If MongoDB is only good when in-memory, then what use is MongoHQ? - sdfgkjshdfg

Just reading http://news.ycombinator.com/item?id=3837772<p>People are saying you need to fit the DB in memory for it to perform properly<p>Does this mean MongoHQ is something to be avoided for anything with load? Because according to their new website, 5gb of data would be serviced by 500mb of memory.<p>Don't get me wrong, for an agile startup this would probably awesome, and getting past 500mb of user data would be your bigger issue at first :) But long term, for a site/app that manages some level of success?
======
sdfgkjshdfg
Well if it is all about indexes, you'll forgive me for getting confused by the
term 'data set', that needs to be in memory

[http://www.colinhowe.co.uk/2011/02/23/mongodb-performance-
fo...](http://www.colinhowe.co.uk/2011/02/23/mongodb-performance-for-data-
bigger-than-memor/)

Mind you, I've also been to a Mongo seminar, where some real world website
managers talked about their data needing to be in memory.

To hear it's only the index is a relief, but that hasn't been clear to me :\

So I assume creating an index is all that is needed for MonogoDB to prioritise
it into memory?

------
benologist
The _indexes_ have to fit in memory, once they don't you're going to get
terrible performance. Also the indexes have to match your usage patterns, if
they don't you're going to get terrible performance.
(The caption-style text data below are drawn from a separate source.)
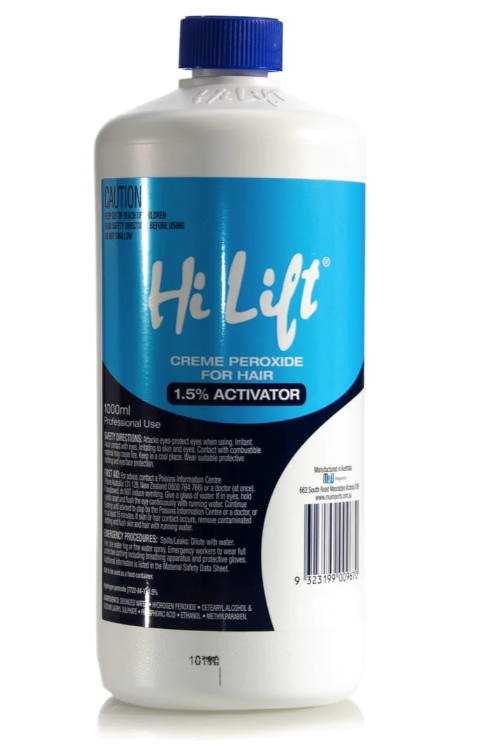 
                  
                    Hi Lift Peroxide 1L
                  
                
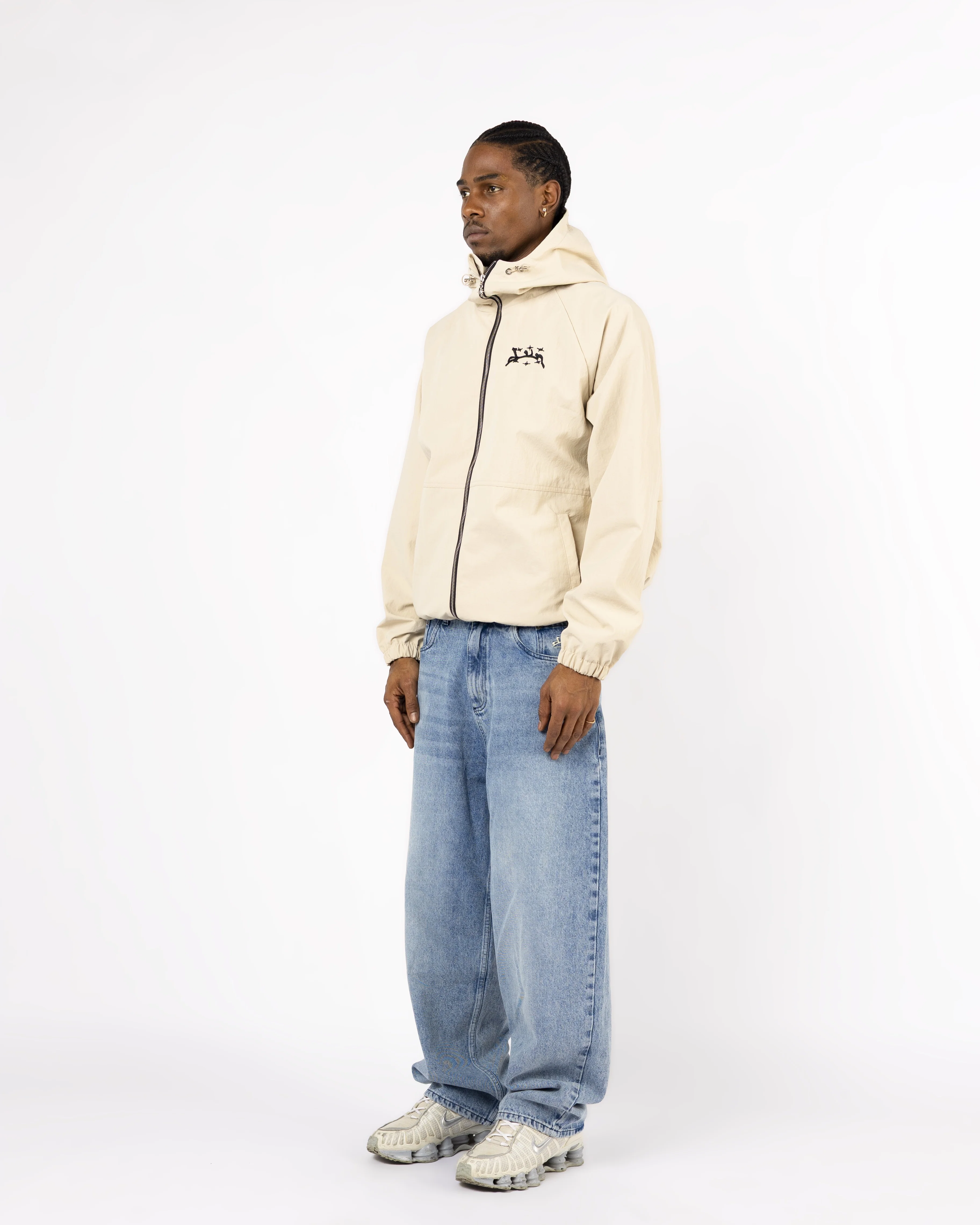ICICLE WINDBREAKER JACKET - Image 3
The advantage of using MongoHQ is it lets you focus on the million other
things you need to be doing instead of learning and doing their job - we have
a bunch of stuff with them, if we hired someone and moved it all in-house we
would save negative thousands a month.

The disadvantage of course is you're typically sharing a shared server
somewhere on AWS and you may not be anywhere near them, and your indexes have
to line up properly. Long running + high volume queries can mess things up too
by saturating your connections plus degrading performance.

------
vyrotek
A legitimate question. As someone who has been exploring these hosted MongoDB
services I would also like to know if there are any drawbacks. (Besides the
latency of the calls themselves)

------
cheald
At a minimum, your indexes must fit into RAM. If they do not, you are in for
pain.

If you can get your data to fit into memory, that's an added bonus, but not
necessarily required for smooth operation, depending on your use cases.

------
taligent
I use MongoHQ and think they are really wonderful. Great customer service and
always helpful. Even if my startup grows to millions of users I would still
get them to manage my DB. Plus I like their admin/stats tools even if a bit
basic.

Because frankly the DB is the part of the stack that does the least to
differentiate me from the competition. So my efforts are frankly better spent
elsewhere.

Anyway I typically get around 200ms per request.

If you are a typical website though I would be trying to get that 500MB of
user data right at the front with Nginx/Lua/Redis.